[What to produce] Of all the entries below, retype only the lines from the one with "Cloud Pad Schrijfblok A5 Rainbow" through the one with "Mercedes EQS V297", exactly as they appear.

╔══

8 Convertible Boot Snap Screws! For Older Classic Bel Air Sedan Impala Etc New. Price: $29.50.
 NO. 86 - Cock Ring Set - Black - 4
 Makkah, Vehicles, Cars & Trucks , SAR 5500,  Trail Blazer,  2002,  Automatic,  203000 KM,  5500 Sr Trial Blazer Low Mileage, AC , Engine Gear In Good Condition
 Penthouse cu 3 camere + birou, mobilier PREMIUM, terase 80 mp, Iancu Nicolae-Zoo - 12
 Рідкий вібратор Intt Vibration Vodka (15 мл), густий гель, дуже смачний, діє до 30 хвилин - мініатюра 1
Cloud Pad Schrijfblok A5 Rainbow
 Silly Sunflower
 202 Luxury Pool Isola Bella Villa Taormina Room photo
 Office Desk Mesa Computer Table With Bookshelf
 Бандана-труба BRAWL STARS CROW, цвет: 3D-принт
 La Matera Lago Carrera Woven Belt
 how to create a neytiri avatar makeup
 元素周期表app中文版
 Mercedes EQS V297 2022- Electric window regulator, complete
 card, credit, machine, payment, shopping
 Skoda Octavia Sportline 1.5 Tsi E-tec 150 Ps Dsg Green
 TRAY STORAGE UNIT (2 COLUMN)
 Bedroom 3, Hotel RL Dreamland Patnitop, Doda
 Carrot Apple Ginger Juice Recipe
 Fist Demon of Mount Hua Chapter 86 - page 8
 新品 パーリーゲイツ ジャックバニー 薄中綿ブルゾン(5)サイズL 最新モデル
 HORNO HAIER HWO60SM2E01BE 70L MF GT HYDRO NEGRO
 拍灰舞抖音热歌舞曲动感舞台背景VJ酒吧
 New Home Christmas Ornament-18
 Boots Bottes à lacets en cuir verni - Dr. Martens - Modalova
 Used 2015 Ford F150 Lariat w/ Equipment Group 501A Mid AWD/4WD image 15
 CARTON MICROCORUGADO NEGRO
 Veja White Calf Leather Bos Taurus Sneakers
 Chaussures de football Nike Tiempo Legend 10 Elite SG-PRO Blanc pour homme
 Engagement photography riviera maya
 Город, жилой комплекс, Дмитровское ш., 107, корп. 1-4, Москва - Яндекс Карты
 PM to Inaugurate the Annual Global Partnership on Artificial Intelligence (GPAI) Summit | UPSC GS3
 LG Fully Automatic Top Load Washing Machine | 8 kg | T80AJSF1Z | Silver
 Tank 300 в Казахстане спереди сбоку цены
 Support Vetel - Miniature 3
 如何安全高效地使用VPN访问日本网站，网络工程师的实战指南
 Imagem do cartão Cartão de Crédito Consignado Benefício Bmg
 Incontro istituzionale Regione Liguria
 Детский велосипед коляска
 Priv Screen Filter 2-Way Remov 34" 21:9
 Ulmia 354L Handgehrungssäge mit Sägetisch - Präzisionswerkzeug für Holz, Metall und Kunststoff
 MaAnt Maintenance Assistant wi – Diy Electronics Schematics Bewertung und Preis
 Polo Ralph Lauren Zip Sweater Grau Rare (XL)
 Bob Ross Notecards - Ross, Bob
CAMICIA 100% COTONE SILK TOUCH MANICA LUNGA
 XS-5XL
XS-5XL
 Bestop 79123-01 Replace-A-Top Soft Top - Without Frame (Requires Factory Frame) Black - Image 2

╚══

[Exercise output]
Cloud Pad Schrijfblok A5 Rainbow
 Silly Sunflower
 202 Luxury Pool Isola Bella Villa Taormina Room photo
 Office Desk Mesa Computer Table With Bookshelf
 Бандана-труба BRAWL STARS CROW, цвет: 3D-принт
 La Matera Lago Carrera Woven Belt
 how to create a neytiri avatar makeup
 元素周期表app中文版
 Mercedes EQS V297 2022- Electric window regulator, complete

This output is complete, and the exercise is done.